Me la sé de memoria. Envidio cada uno de sus treinta centímetros de madera. Sus sitios, sus fechas, sus nombres de fama. Es mi primera envidia longitudinal. Una envidia contable que no es un souvenir, sino un recuerdo permanente. De algo que todavía no sé qué es, pero me llena de electricidad los dedos y de deseos las páginas en blanco. El bueno de Guillermo; el cojonudo. Algún día soñaré que también tengo una de esas y Pilar la comprará en la tienda de Velilla y nos podremos olvidar de Stratford.

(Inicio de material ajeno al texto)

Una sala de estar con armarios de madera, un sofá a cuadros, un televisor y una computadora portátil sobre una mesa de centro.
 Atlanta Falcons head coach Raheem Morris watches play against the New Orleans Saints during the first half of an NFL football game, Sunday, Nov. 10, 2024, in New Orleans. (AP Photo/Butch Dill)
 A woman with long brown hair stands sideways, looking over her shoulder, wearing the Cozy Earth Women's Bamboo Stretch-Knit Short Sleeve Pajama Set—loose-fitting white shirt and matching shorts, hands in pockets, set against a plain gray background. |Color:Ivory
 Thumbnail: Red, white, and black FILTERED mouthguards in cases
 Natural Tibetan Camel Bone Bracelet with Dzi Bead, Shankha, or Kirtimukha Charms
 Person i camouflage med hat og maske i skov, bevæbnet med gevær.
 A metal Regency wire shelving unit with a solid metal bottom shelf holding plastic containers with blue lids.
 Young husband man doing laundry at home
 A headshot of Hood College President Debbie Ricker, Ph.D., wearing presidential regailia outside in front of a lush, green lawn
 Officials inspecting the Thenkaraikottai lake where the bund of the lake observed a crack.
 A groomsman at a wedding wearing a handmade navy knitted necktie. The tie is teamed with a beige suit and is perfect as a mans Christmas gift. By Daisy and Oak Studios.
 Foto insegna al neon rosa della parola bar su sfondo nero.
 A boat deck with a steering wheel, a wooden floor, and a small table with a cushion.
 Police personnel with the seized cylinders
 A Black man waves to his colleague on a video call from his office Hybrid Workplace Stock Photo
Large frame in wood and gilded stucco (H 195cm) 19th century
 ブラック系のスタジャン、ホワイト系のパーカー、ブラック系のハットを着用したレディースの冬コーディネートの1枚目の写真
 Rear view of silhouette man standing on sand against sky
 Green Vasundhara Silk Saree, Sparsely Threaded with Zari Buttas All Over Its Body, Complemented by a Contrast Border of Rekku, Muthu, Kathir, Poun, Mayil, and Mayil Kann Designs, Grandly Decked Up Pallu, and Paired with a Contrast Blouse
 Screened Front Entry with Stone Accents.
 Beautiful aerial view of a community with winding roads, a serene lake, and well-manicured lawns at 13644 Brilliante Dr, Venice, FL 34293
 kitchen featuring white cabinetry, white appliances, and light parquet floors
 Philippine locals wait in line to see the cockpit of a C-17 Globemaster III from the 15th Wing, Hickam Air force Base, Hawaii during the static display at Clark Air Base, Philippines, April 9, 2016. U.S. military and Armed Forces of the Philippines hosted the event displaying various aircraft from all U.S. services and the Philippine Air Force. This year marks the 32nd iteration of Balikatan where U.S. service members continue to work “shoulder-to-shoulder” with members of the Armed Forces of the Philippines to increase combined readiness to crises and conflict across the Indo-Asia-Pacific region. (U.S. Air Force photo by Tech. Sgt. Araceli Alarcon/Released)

Pintores son mis ojos: te fijaron...


PINTORES son mis ojos: te fijaron
sobre la tabla de mi corazón,
y mi cuerpo es el marco que sostiene
la perspectiva de la obra insigne.


A través del pintor hay que mirar
para encontrar tu imagen verdadera,
colgada en el taller que hay en mi pecho
al que brindan ventanas sus dos ojos.


Y observa de los ojos el servicio:
los míos diseñaron tu figura,
los tuyos son ventanas de mi pecho
por las que atisba el sol, feliz de verte.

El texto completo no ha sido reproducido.